**TASK DETAILS:**
The reply should contain all the data below, repeated exactly, and none of the images.

Extracted data entries
---
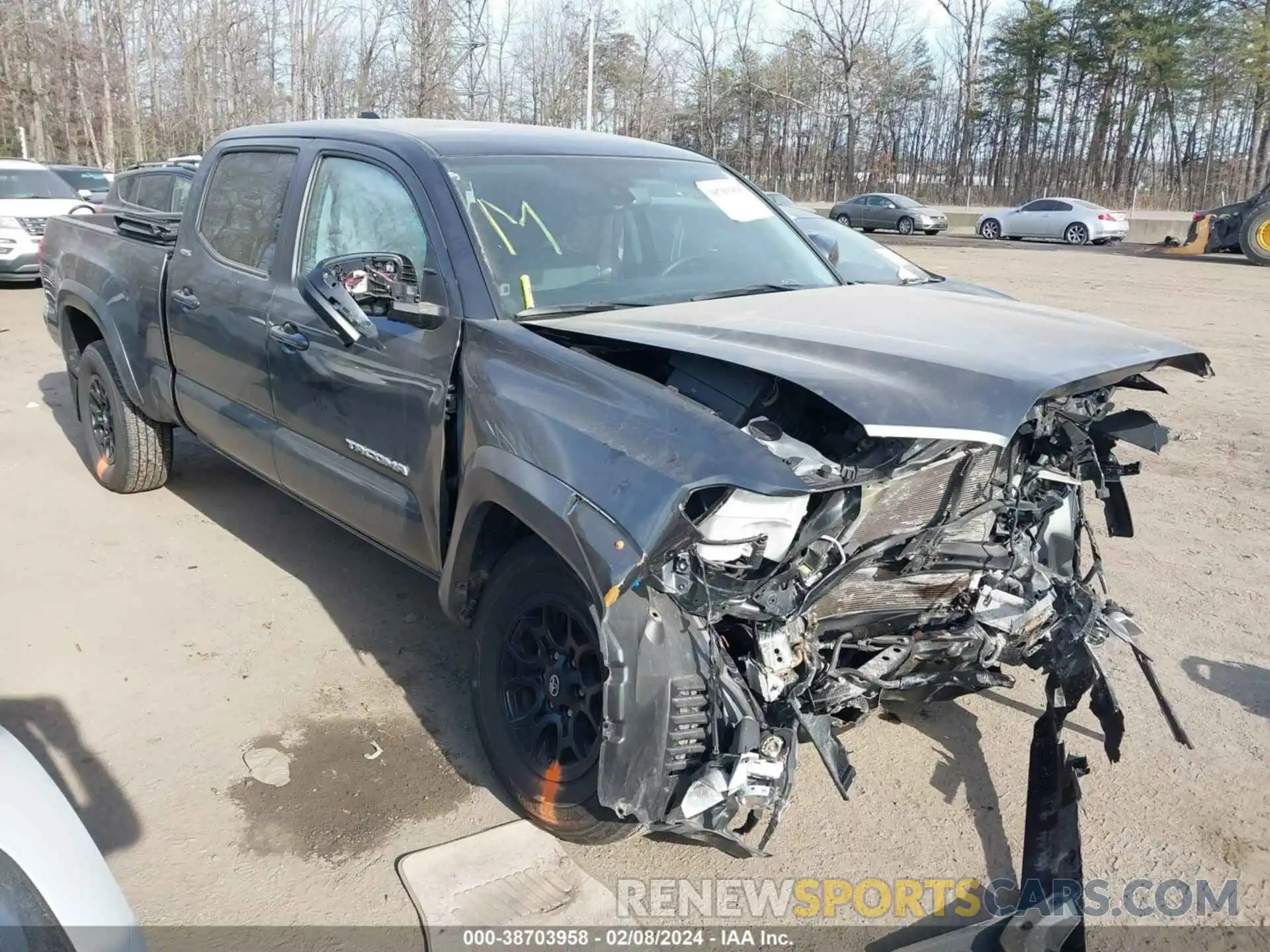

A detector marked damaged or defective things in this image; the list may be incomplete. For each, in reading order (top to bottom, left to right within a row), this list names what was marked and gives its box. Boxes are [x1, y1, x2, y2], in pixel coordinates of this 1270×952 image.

damaged toyota tacoma [40, 119, 1212, 857]
shattered headlight [688, 492, 810, 566]
crumpled hood [534, 283, 1212, 447]
destroyed front end [534, 292, 1212, 857]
---
**RESULT OF THIS EXERCISE:**
A detector marked damaged or defective things in this image; the list may be incomplete. For each, in reading order (top to bottom, left to right within a row), this list names what was marked and gives its box. Boxes are [x1, y1, x2, y2], in pixel coordinates of this 1270×952 image.

damaged toyota tacoma [40, 119, 1212, 857]
shattered headlight [688, 492, 810, 566]
crumpled hood [534, 283, 1212, 447]
destroyed front end [534, 292, 1212, 857]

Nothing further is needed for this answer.